** PROBLEM DESCRIPTION **
An exact copy of all the data is the required output.

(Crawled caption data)
<<<<
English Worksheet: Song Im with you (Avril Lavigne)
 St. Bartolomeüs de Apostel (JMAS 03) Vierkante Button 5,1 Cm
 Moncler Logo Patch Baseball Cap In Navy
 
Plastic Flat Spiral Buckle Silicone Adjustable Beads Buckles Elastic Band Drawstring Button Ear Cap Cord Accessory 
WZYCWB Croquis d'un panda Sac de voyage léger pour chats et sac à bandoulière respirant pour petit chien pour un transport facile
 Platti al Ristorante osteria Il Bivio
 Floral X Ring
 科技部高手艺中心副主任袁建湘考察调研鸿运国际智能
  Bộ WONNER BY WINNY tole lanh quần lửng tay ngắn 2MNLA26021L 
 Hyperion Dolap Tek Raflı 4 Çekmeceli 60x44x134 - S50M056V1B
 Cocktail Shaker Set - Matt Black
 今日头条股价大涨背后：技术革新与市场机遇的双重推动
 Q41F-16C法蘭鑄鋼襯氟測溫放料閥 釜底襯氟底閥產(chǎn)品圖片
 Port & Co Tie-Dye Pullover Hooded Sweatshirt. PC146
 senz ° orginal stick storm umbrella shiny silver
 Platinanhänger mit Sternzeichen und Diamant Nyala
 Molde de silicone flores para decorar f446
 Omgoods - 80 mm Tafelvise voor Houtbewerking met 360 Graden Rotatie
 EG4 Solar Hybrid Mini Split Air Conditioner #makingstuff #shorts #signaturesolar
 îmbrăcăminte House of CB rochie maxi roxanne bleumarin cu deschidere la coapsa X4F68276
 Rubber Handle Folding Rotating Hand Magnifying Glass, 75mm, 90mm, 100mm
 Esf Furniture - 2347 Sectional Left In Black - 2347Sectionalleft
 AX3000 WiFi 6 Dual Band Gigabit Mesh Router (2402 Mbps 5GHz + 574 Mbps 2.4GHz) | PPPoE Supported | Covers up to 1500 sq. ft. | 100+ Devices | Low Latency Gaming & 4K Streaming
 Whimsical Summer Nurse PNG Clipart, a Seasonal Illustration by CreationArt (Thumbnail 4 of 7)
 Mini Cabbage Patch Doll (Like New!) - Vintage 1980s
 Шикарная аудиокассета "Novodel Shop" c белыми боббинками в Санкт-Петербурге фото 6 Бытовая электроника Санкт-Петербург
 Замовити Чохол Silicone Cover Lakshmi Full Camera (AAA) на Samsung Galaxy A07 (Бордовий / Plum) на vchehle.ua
>>>>
** COMPLETED EXERCISE **
English Worksheet: Song Im with you (Avril Lavigne)
 St. Bartolomeüs de Apostel (JMAS 03) Vierkante Button 5,1 Cm
 Moncler Logo Patch Baseball Cap In Navy
 
Plastic Flat Spiral Buckle Silicone Adjustable Beads Buckles Elastic Band Drawstring Button Ear Cap Cord Accessory 
WZYCWB Croquis d'un panda Sac de voyage léger pour chats et sac à bandoulière respirant pour petit chien pour un transport facile
 Platti al Ristorante osteria Il Bivio
 Floral X Ring
 科技部高手艺中心副主任袁建湘考察调研鸿运国际智能
  Bộ WONNER BY WINNY tole lanh quần lửng tay ngắn 2MNLA26021L 
 Hyperion Dolap Tek Raflı 4 Çekmeceli 60x44x134 - S50M056V1B
 Cocktail Shaker Set - Matt Black
 今日头条股价大涨背后：技术革新与市场机遇的双重推动
 Q41F-16C法蘭鑄鋼襯氟測溫放料閥 釜底襯氟底閥產(chǎn)品圖片
 Port & Co Tie-Dye Pullover Hooded Sweatshirt. PC146
 senz ° orginal stick storm umbrella shiny silver
 Platinanhänger mit Sternzeichen und Diamant Nyala
 Molde de silicone flores para decorar f446
 Omgoods - 80 mm Tafelvise voor Houtbewerking met 360 Graden Rotatie
 EG4 Solar Hybrid Mini Split Air Conditioner #makingstuff #shorts #signaturesolar
 îmbrăcăminte House of CB rochie maxi roxanne bleumarin cu deschidere la coapsa X4F68276
 Rubber Handle Folding Rotating Hand Magnifying Glass, 75mm, 90mm, 100mm
 Esf Furniture - 2347 Sectional Left In Black - 2347Sectionalleft
 AX3000 WiFi 6 Dual Band Gigabit Mesh Router (2402 Mbps 5GHz + 574 Mbps 2.4GHz) | PPPoE Supported | Covers up to 1500 sq. ft. | 100+ Devices | Low Latency Gaming & 4K Streaming
 Whimsical Summer Nurse PNG Clipart, a Seasonal Illustration by CreationArt (Thumbnail 4 of 7)
 Mini Cabbage Patch Doll (Like New!) - Vintage 1980s
 Шикарная аудиокассета "Novodel Shop" c белыми боббинками в Санкт-Петербурге фото 6 Бытовая электроника Санкт-Петербург
 Замовити Чохол Silicone Cover Lakshmi Full Camera (AAA) на Samsung Galaxy A07 (Бордовий / Plum) на vchehle.ua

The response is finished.